Putting this softmax function to use, we need to make a few hypothetical assumptions for our bandit task.

For example, let's assume our agent has played the slot machine twice, each arm one time. The left arm lead to a reward (1), whereas the right arm did not result in a reward (0). We can translate this experience into simplified expectations (Q values) for the next game.

In [53]:
actions = c("left","right")
Qdummy = c(1,0)
beta = 1

p = softmax(Qdummy,beta)

cat('beta: ')
print(beta)
cat('Expectations: ')
print(Qdummy)
cat('Probabilities: ')
print(p)

beta: [1] 1
Expectations: [1] 1 0
Probabilities: [1] 0.7310586 0.2689414


We can see, that the dummy expectations translate into action probabilites in a straightforward way. The highest value has the highest action probability.

**Question**: So what is the role of beta in this softmax function?

You can write your answers below and discuss it with your colleagues.

In [70]:
# what is the role of beta in the softmax function?
# (you can change this code block to markdown)







Once you have answered the above question, you can play around with the beta value and observe the changes!

You will see, that beta (or 'inverse temperature') affects the so-called [gain](https://en.wikipedia.org/wiki/Gain_(electronics)). The higher the gain, the more pronounced the differences in action values get translated into action probabilities.
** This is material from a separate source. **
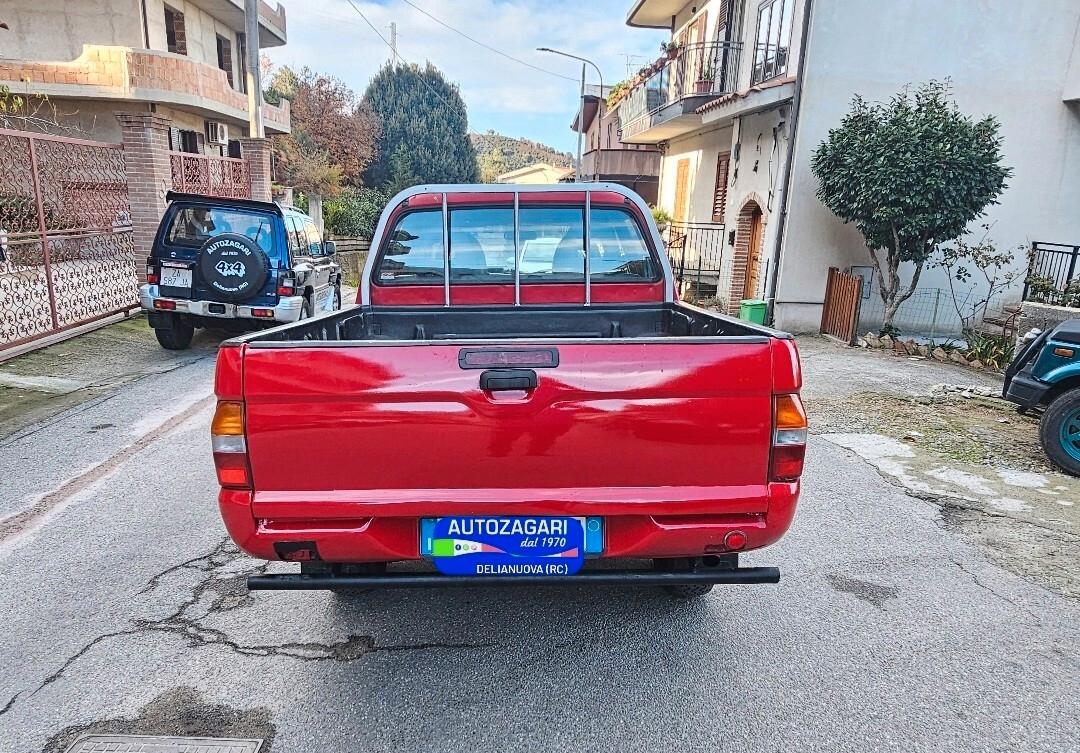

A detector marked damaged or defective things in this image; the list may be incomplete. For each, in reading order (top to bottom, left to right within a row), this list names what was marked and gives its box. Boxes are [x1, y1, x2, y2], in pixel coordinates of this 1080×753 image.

cracked pavement [0, 324, 1075, 751]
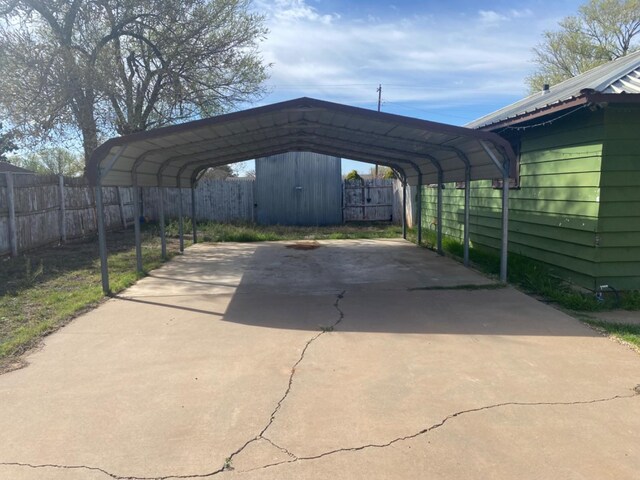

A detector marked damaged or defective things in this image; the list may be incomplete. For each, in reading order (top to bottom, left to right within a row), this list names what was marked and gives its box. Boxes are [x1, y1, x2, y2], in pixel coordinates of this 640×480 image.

crack in concrete [2, 388, 636, 478]
crack in concrete [240, 390, 640, 472]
We can plot this in a systematic way.
Try to understand what is plotted on the x and y axis, and how the different betas relate.

In [None]:
plot(NA, ylim = c(0, 1), xlim = c(-2, 2), main = "Softmax for 2 options",
     xlab = "Q(A)-Q(B)",
     ylab = "p(A)") #better view over the lines
x = seq(-2,2,0.05)
betas = c(0,1,2,5,10)
mypal <- colorRampPalette( c( "red", "green", "blue") )( length(betas) )
for (i in 1:length(betas)) {
  y = integer(length(x))
  for (j in 1:length(x)){
    p = softmax(Qdummy*x[j],betas[i])
    y[j] = p[1]
  }
  lines(x,y, type = "l", col = mypal[i], , lwd=1.5) #thickness set to be higher
}
legend("topleft", legend=as.character(betas), lwd = 1,col=mypal,title='betas')

As a next step, we finally want to introduce some action.
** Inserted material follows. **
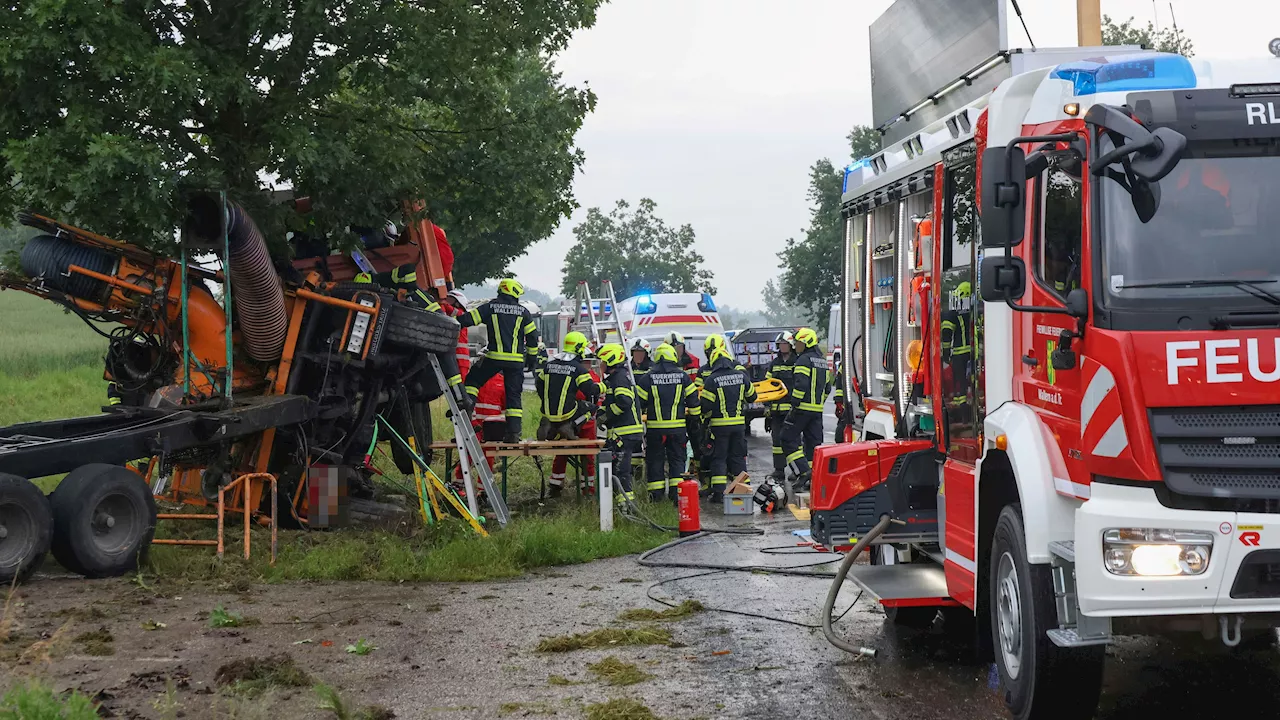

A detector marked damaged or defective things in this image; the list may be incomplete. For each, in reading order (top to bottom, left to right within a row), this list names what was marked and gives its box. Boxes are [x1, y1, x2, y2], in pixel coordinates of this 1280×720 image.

overturned truck [0, 196, 468, 584]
Before we can make a decision, we need to define a reward and action function.

- In the reward function, we specify the consequences of each possible actions.
- In the action function, we simply determine the action taken based on the probabilities from the softmax function.

In [55]:
getReward_bandit = function(action) {
    luck = runif(1)
    if (action == "right") {
       if (luck > 0.3) {
           reward = 1
       }  else {
           reward = 0
       }
    } else if (action == "left") {
       if (luck > 0.7) {
           reward = 1
       }  else {
           reward = 0
       } 
    }
    outcome = list("luck" = luck,"reward" = reward)
    return(outcome)
}    

In [56]:
takeAction = function(values,options) {
    if (length(values) == length(options)) {
        p = softmax(values,beta)
        action = sample(options, size = 1, prob = p)
    } else {
        print('Values dont match options!')
    }
    return(action)
}

We can now test our code and perform some actions.

In [None]:
action = takeAction(Qdummy,actions)
reward = getReward_bandit(action)

print(action)
print(reward)

You see that besides the action and the resulting reward I have also introduced a variable called "luck". While this is not a necessary variable, it helps us contrast a random agent from a learning agent.
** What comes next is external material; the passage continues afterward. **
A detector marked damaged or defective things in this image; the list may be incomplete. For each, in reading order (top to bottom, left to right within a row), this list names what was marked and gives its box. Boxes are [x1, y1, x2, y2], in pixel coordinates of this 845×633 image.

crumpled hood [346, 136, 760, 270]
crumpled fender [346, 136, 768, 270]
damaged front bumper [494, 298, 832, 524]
First, let's have a look at a random decision maker.

As can be seen in the figure above, random action selection is a special case of the softmax method. If beta is set to zero, any existing difference between action values get egalized (remember: zero times something will always be zero...).

In [None]:
#Sequential actions of a naive agent
actions = c("left","right")
nTrial = 1000

Q = c(0.5,0.5)
print("initial values")
print(Q)

beta = 0

luck = array(NaN,nTrial)
reward = array(NaN,nTrial)
for (iT in 1:nTrial) {
    action = takeAction(Q,actions)
    outcome = getReward_bandit(action)
    luck[iT] = outcome$luck
    reward[iT] = outcome$reward
}
print(paste("total luck: ",sum(luck)))
print(paste("total reward: ",sum(reward)))

print("final values")
print(Q)

boxplot(luck, main="luck vs reward")
points(mean(reward), col="red", pch="+", cex=2)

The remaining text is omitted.